↓

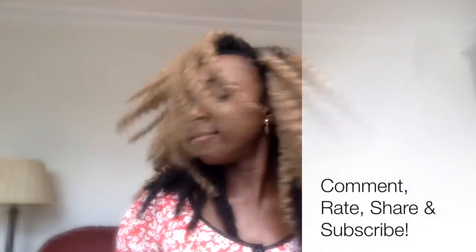I hope you guys enjoyed this video. Thank you for watching. Do share, rate, and subscribe. I'll see you next time.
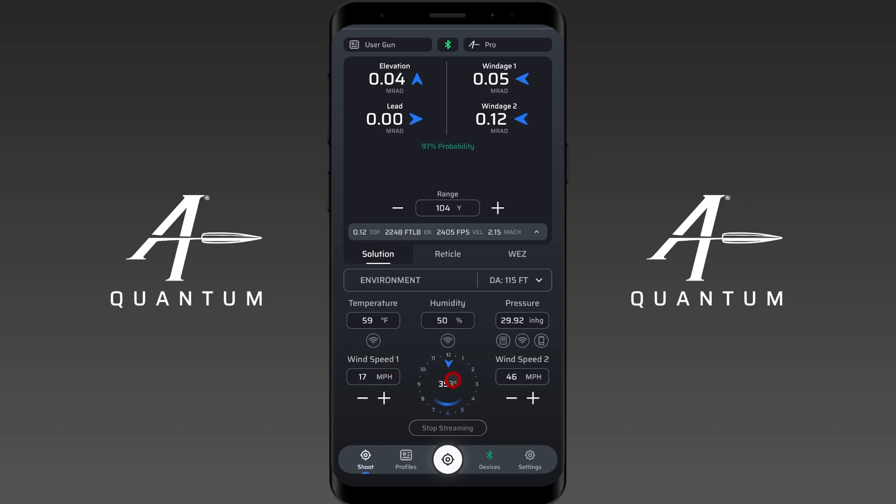You'll notice that one wind speed number isn't changing but the other is. The higher value is the maximum wind speed the device has encountered while sampling — it will remain basically at your maximum gusting speed for a while. The other is the average wind speed the device is currently seeing. In this case, our current average wind speed is 24-34 and our gusting speed was 44 miles per hour. This is also your wind direction in clock values, based on the offset from the target at 12 o'clock. That's how you use the Calypso AB Mini with AB Quantum.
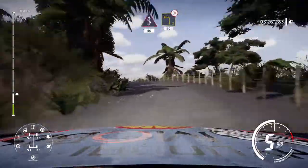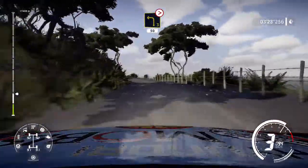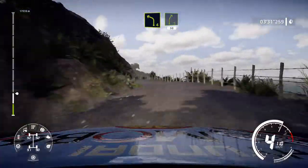Into left 3, long, tightens, 50. Left 4, into right 5, 50.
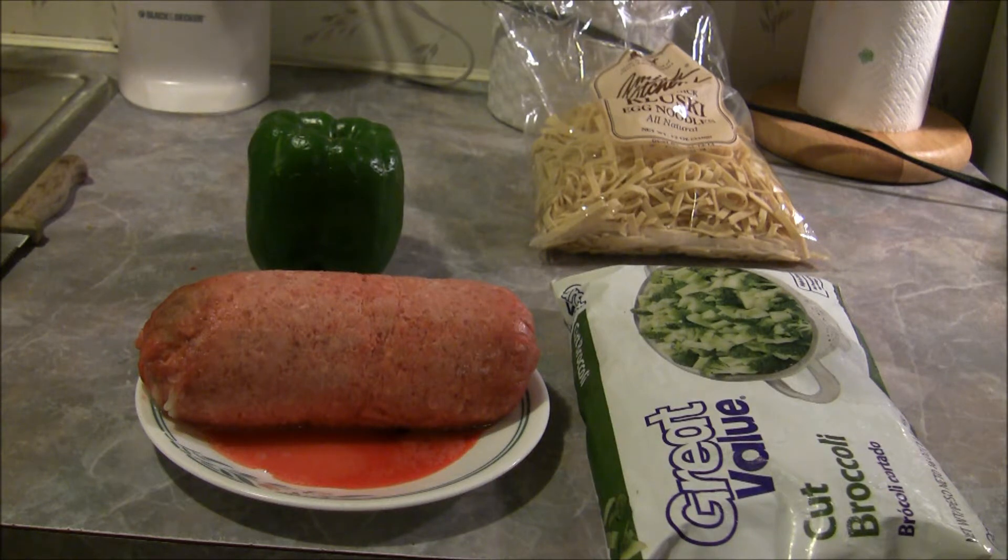Hi everybody, tonight I was kind of jonesing for some beef and broccoli but naturally I don't have all the ingredients to make it the way you should, so I'm gonna do what I'm good at — I'm gonna improvise. I got some broccoli and I'm gonna use some ground beef instead of the more expensive cut up steak or cubed beef that you buy already like that from the store.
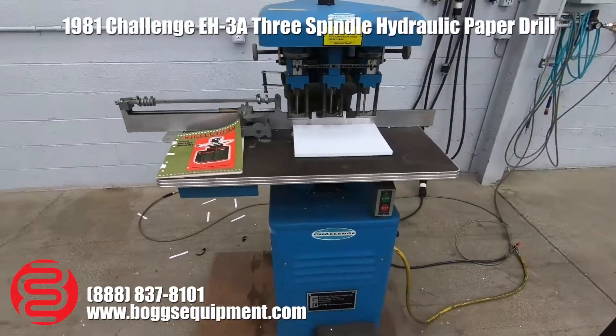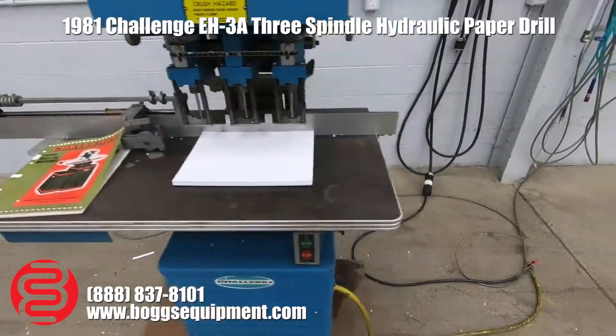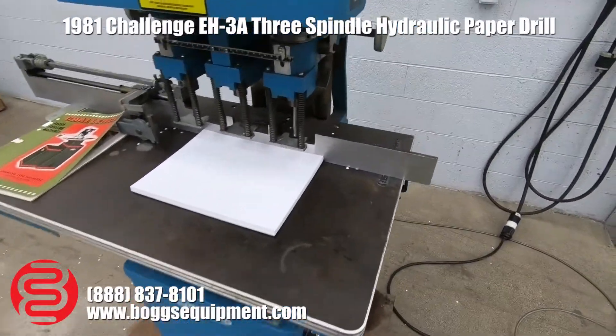All right, here we have a Challenge Model EH3A Hydraulic 3-Hole Paper Drill. The machine runs on single-phase power. I'm going to go ahead and run it for you.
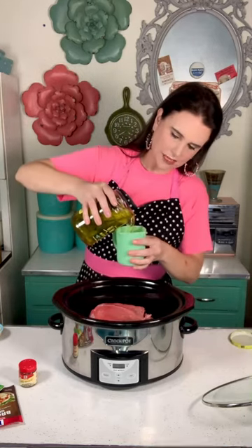I have a 24 ounce jar of baby dill pickles. I'm going to pour off a half a cup into my measuring cup, and then take the rest of the juice and pour it into a different cup and set it aside for later use. I like to use pickle juice for other marinating needs.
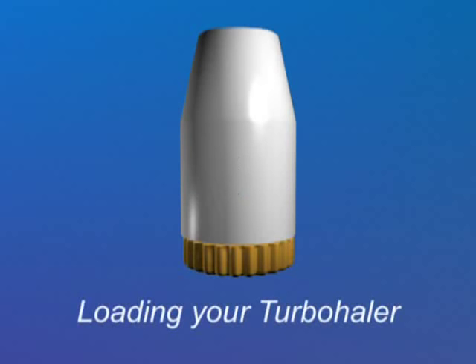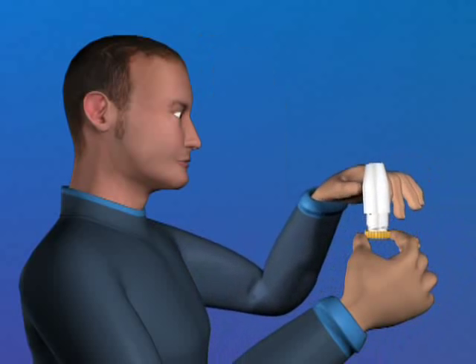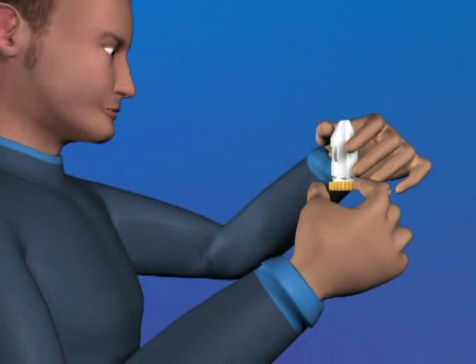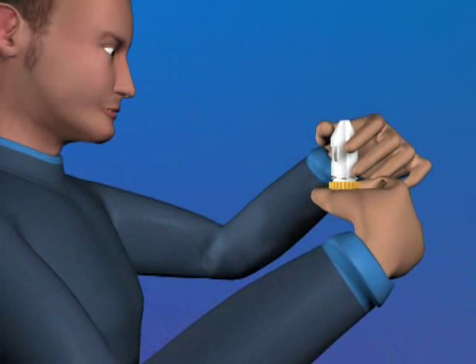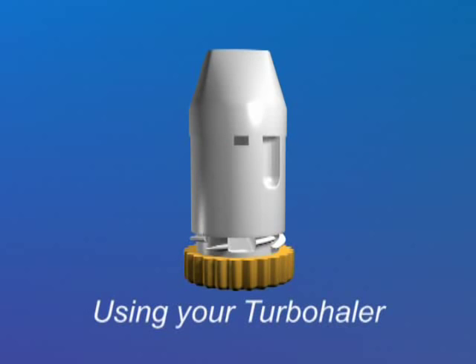Before you can use your turbohaler, you need to load it. To do this you need to unscrew the cover and lift it off. Hold the turbohaler upright in one hand. Then with your other hand, twist the grip fully in one direction as far as it will go. Then twist it back as far as it will go. You should hear a click. You have now loaded the turbohaler and it is ready to use.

↑

## EXERCISE DIRECTIONS:
Would you please print only the lines running from the one with "I have a 24" to the final line of the entries above, exactly as written and without pictures?

## WRITTEN ANSWER:
I have a 24 ounce jar of baby dill pickles. I'm going to pour off a half a cup into my measuring cup, and then take the rest of the juice and pour it into a different cup and set it aside for later use. I like to use pickle juice for other marinating needs.
Before you can use your turbohaler, you need to load it. To do this you need to unscrew the cover and lift it off. Hold the turbohaler upright in one hand. Then with your other hand, twist the grip fully in one direction as far as it will go. Then twist it back as far as it will go. You should hear a click. You have now loaded the turbohaler and it is ready to use.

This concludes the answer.